On this, Judge West said: ““It therefore has none of the problems about raising a new point for the first time so late on in the judicial process associated with the various elements of Ground 1. I am satisfied that the point raised is an arguable one and I grant permission in respect of it.”

Counsel for Westminster submitted that the need for consistency, or reinforcement of learning was not sufficient to establish that an educational need existed for the delivery of education beyond the ordinary school day and term structure.

In response to this submission, Judge West said: “What emerges from the decisions in Hammersmith & Fulham LBC v JH and R(TS) v Bowen & Ors is that a need for consistency of approach beyond the school day does not mean that that is necessarily an educational need.

“That does not mean that, in a particular case, a Tribunal cannot lawfully decide that a need for a consistency of provision is special educational provision in the circumstances of the particular young person”.

He added: “I accept that the Tribunal was not referring to consistency of provision, but was concerned rather with provision which would promote A’s consistent development. In addition, the Tribunal concluded that the mentoring support was required on a daily basis, not only meet A’s anxiety disorder (which is a health need), but also to promote consistent development of her executive functioning skills.”

The judge said that what [the Tribunal] said was that:

“The Tribunal panel has considered the evidence from I Support, as well as the report from Ms Welby Delimere, which, in our view, is sufficient to support the position that A reasonably requires mentoring support for five hours per day, including outside of term time.

“We have concluded that the support is required on a daily basis in order to meet A’s anxiety disorder and promote consistent development of her executive functioning skills, which will also meet her needs relating to extreme avoidance.”
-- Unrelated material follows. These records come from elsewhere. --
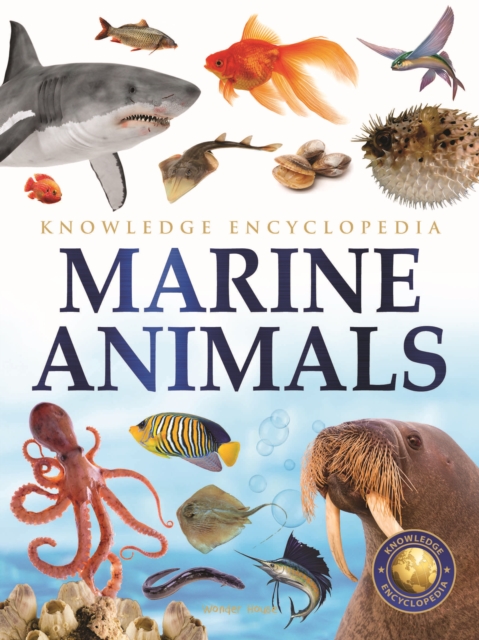 Animals - Marine Animals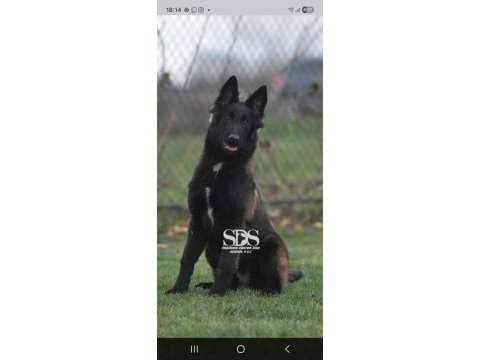 Sevgine zamanına emeğine değecek köpek arayanlara malinois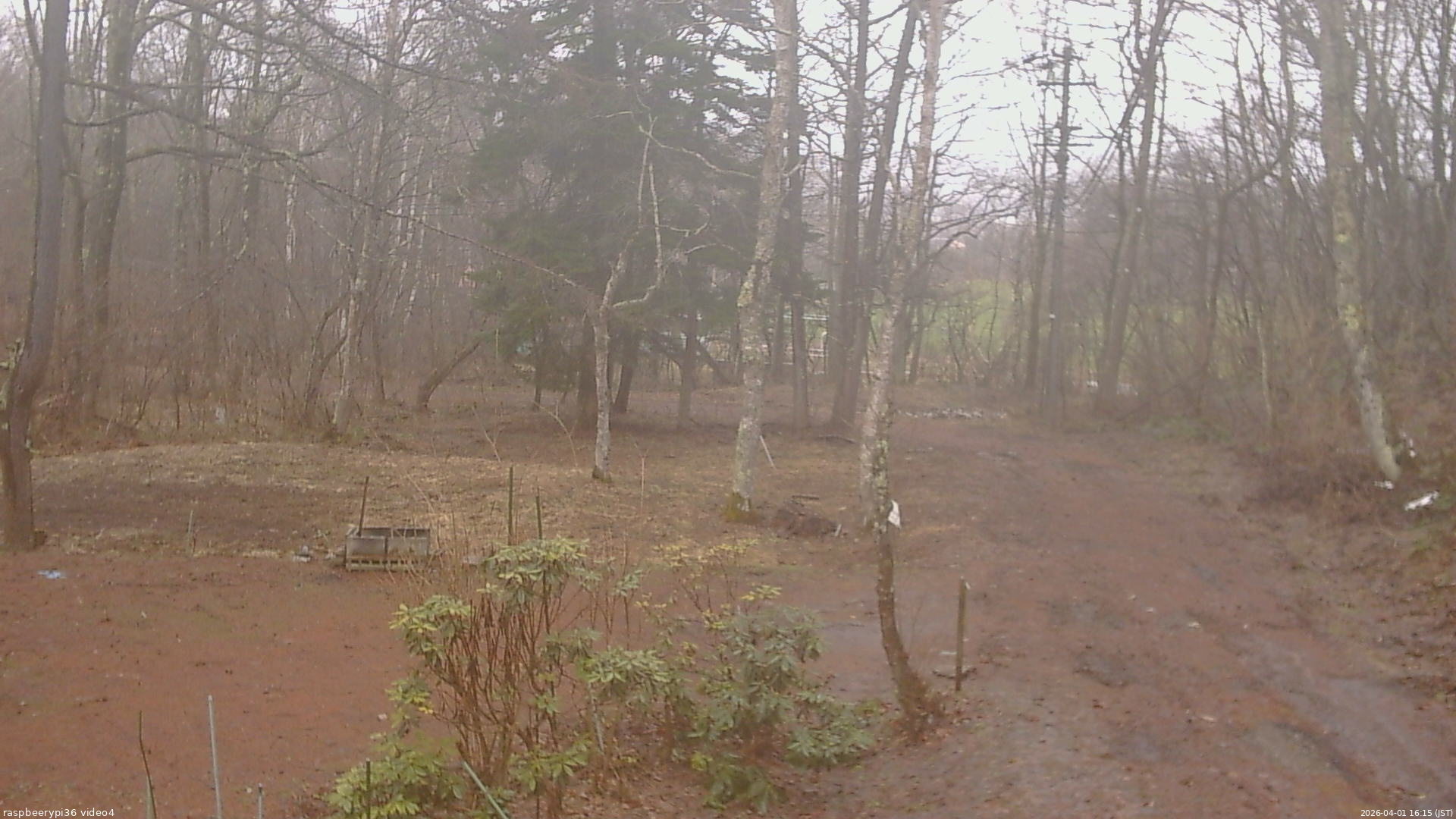 長野県菅平高原 ゆたか山荘 坂上 2026/04/01 16:15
Judge West concluded that “although I accept [counsel for Westminster’s] point that consistency alone would only justify programmes of learning beyond the ordinary school day in extremely rare cases, I am satisfied that the Tribunal’s conclusion was an entirely lawful one for it to reach on the evidence and facts of this case.”

Summing up, the Upper Tribunal judge said: “I refuse permission to appeal in respect of the first ground of review.

“I am satisfied that the second ground of the Council’s remaining ground of review was reasonably arguable and accordingly I grant permission in relation to that ground.

“I am, however, also satisfied that when read as a whole the decision of the Tribunal below does not betray an error of law and accordingly I dismiss the substantive application for judicial review on Ground 2.”